OBJECTIVE: We are going to use the nitrocellulose from WB 20200304 and perform stripping to re-incubate with different antibodies. We think that there is unspecific staining using the same primary antibody for crosslinking and for detecting the protein. For there reason, we are going to change the primary antibody.
PROCEDURE:
- Stripping buffer diluted 1/5 in destilated water for 10 minutes (NewBlot Nitro Stripping buffer (Odyssey, nº 928-40030) )

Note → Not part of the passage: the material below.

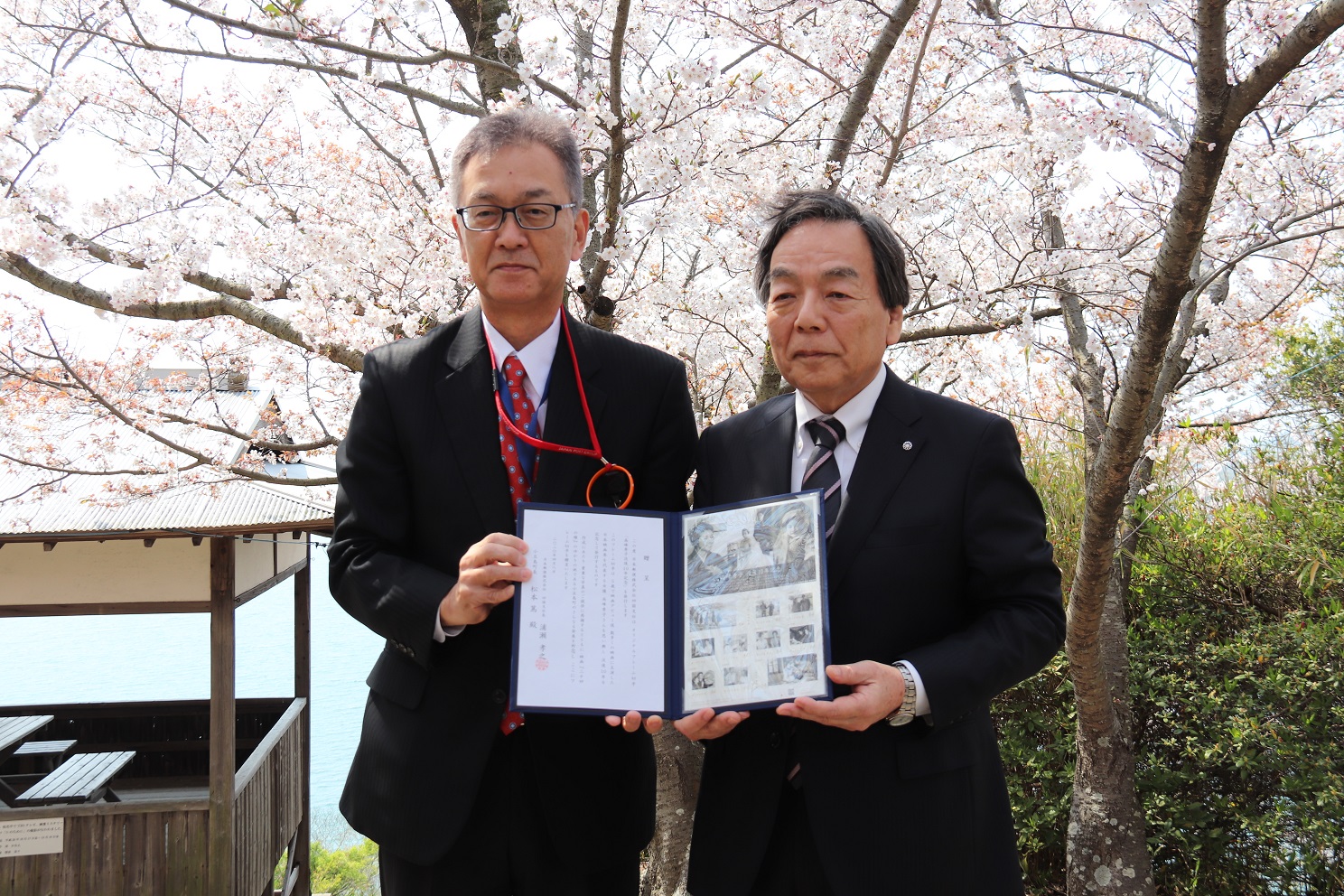 記念切手贈呈式にて「オリジナルフレーム切手」を持って日本郵便の職員と記念撮影をする松本町長の写真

- Wash with PBS-tween0’1% (3×5′)
- Blocking: blocking buffer Casein – PBS 1:1 1h
- Primary antibody rabbit (diluted 1:200 in Casein-PBS 1:1) –> 1h at RT or overnight at 4ºC
- Wash with PBS-tween0’1% (3×5′)
- Secondary antibody GAR800 1/7500 (diluted in Casein-PBS tween0’1%): 1h at RT
- Wash with PBS-tween0’1% 1x (2×5′)
- Wash with PBS 1x (1×5′)
- Read with Odyssey equipment
RESULTS: We see a band that can be sCNTN1, but we have some other unspecific bands too, as with the other experiment performed on 20200304. We are going to repeat the Co-IP with other sera, performing 2 gels, and send one the possible sCNTN1 band to mass spectometry.